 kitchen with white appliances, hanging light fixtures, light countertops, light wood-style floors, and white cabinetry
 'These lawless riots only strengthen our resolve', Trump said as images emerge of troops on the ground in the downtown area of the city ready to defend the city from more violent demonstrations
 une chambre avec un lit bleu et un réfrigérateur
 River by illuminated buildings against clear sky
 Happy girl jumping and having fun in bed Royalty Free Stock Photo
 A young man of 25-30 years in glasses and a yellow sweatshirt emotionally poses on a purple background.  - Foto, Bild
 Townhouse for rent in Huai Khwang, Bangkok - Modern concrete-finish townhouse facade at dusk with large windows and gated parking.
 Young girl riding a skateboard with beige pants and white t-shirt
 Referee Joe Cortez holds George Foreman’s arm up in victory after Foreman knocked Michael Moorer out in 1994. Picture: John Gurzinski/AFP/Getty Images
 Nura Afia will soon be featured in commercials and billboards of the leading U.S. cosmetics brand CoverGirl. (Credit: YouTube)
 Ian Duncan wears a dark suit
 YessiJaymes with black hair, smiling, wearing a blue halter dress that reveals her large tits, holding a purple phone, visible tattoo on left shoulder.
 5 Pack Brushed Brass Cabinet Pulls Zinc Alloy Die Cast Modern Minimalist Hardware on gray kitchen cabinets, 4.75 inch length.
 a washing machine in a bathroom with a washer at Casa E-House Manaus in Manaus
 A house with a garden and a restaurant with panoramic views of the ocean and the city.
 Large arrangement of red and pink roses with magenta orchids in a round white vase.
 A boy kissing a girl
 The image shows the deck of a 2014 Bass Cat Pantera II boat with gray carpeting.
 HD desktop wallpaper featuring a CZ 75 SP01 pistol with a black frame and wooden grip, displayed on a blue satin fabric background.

☆ ☆ ☆ ☆

● TASK REQUIREMENTS: Each entry needs to be copied out exactly.

● EXERCISE RESPONSE:
 kitchen with white appliances, hanging light fixtures, light countertops, light wood-style floors, and white cabinetry
 'These lawless riots only strengthen our resolve', Trump said as images emerge of troops on the ground in the downtown area of the city ready to defend the city from more violent demonstrations
 une chambre avec un lit bleu et un réfrigérateur
 River by illuminated buildings against clear sky
 Happy girl jumping and having fun in bed Royalty Free Stock Photo
 A young man of 25-30 years in glasses and a yellow sweatshirt emotionally poses on a purple background.  - Foto, Bild
 Townhouse for rent in Huai Khwang, Bangkok - Modern concrete-finish townhouse facade at dusk with large windows and gated parking.
 Young girl riding a skateboard with beige pants and white t-shirt
 Referee Joe Cortez holds George Foreman’s arm up in victory after Foreman knocked Michael Moorer out in 1994. Picture: John Gurzinski/AFP/Getty Images
 Nura Afia will soon be featured in commercials and billboards of the leading U.S. cosmetics brand CoverGirl. (Credit: YouTube)
 Ian Duncan wears a dark suit
 YessiJaymes with black hair, smiling, wearing a blue halter dress that reveals her large tits, holding a purple phone, visible tattoo on left shoulder.
 5 Pack Brushed Brass Cabinet Pulls Zinc Alloy Die Cast Modern Minimalist Hardware on gray kitchen cabinets, 4.75 inch length.
 a washing machine in a bathroom with a washer at Casa E-House Manaus in Manaus
 A house with a garden and a restaurant with panoramic views of the ocean and the city.
 Large arrangement of red and pink roses with magenta orchids in a round white vase.
 A boy kissing a girl
 The image shows the deck of a 2014 Bass Cat Pantera II boat with gray carpeting.
 HD desktop wallpaper featuring a CZ 75 SP01 pistol with a black frame and wooden grip, displayed on a blue satin fabric background.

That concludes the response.